Another quasi-legitimate “magic” was alchemy, the quest to turn one kind of substance into another (and especially, to turn cheap metals such as lead into gold). Again, the theory of the four elements is key; alchemists believed that by changing the balance of these elements, they could transform one kind of material into another. This could be achieved through burning, distilling, dissolving, sublimating, and melting, usually with the aim of purifying one of the ingredients. (The fact that the transmutation of metals was prohibited by law suggests that many people believed it could actually be done.) As with other kinds of magic, including astrology, there were countless quacks. Ben Jonson's satirical play
The Alchemist
(1610) serves as a kind of theatrical debunking of alchemy and those who practice it. Jonson makes endless fun of the main characters, a con man named Subtle and his sidekick, Face—as well as those gullible enough to fall for their trickery (the “gulls”).

Who was Jonson's model for Subtle, the title character in
The Alchemist
? As we saw in Chapter 4, he may have been influenced by John Dee, the Elizabethan scientist-magician (and Dee is mentioned by name in the play); but another line of reasoning connects the play to Giordano Bruno's comedy
Candelaio
, published in 1582. After weighing the evidence of a Jonson–Bruno connection (including a tally of who may have known whom), Hilary Gatti concludes that it is “at least possible, if not probable, that Jonson had some knowledge of Bruno and perhaps of his works, even if only through conversations with those who had known him personally in London.”

As with astrology, there would have been those who believed in the power of alchemy, and those who doubted—and some who would have harbored both views simultaneously, just as someone today may claim to dismiss astrology, but might check their horoscope in the newspaper, even if just for its entertainment value.

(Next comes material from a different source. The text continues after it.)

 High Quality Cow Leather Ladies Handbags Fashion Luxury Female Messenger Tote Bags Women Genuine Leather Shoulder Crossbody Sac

As Gordon Campbell puts it, both Jonson and his audience would have regarded alchemy “as a combination of science and imposture.” For Jonson, this duality creates the perfect dramatic and comedic vehicle.

Shakespeare seems to have had less use for alchemy than Jonson, though he mentions it on a handful of occasions. It comes up metaphorically in
Timon of Athens
(“You are an alchemist; make gold of that” [5.1.114]), for example; and in
King John
, where Philip, the king of France, says:

To solemnize this day the glorious sun

Stays in his course and plays the alchemist,

Turning with splendour of his precious eye

The meagre cloddy earth to glittering gold …

(3.1.3–6)

But the greatest magician on the London stage was not one of Shakespeare's creations, nor was it one of Jonson's. Twenty years before Prospero cast his first spell, audiences were treated to Christopher Marlowe's masterly play
The Tragicall History of Doctor Faustus
(ca. 1592). Marlowe did not invent his doctor out of whole cloth: His play is based on age-old stories of learned men who sell their souls to the devil in return for knowledge. By the sixteenth century, these tales had become associated with the real-life figure of Johannes Faustus, a German astrologer who lived in the early part of the century. A fictionalized account was set down by an anonymous German writer in 1587, and an English translation had appeared in 1592, serving as Marlowe's immediate source.

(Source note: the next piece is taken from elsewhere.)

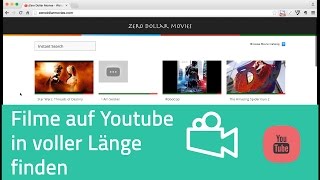 Filme auf Youtube in voller Länge finden [upl. by Pytlik]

Marlowe's Faustus was a magician and also a scholar; he studied at Wittenberg just like Hamlet and his friend Horatio. Faustus yearns to know the secrets of the universe; in keeping with the traditional story, he promises his immortal soul to the devil in exchange for worldly knowledge. He abandons the traditional fields of academic learning for black magic (“'Tis magic, magic that hath ravished me” [1.112]). As we saw in Chapter 1, one of the first things Faustus asks of Mephistopheles concerns cosmology: He inquires after the structure of the heavenly spheres. “Now would I have a book where I might see all characters and planets of the heavens, that I might know their motions and dispositions” (7.171–3). His questions become ever more dangerous: “Tell me who made the world … Sweet Mephistopheles, tell me” (7.66–8).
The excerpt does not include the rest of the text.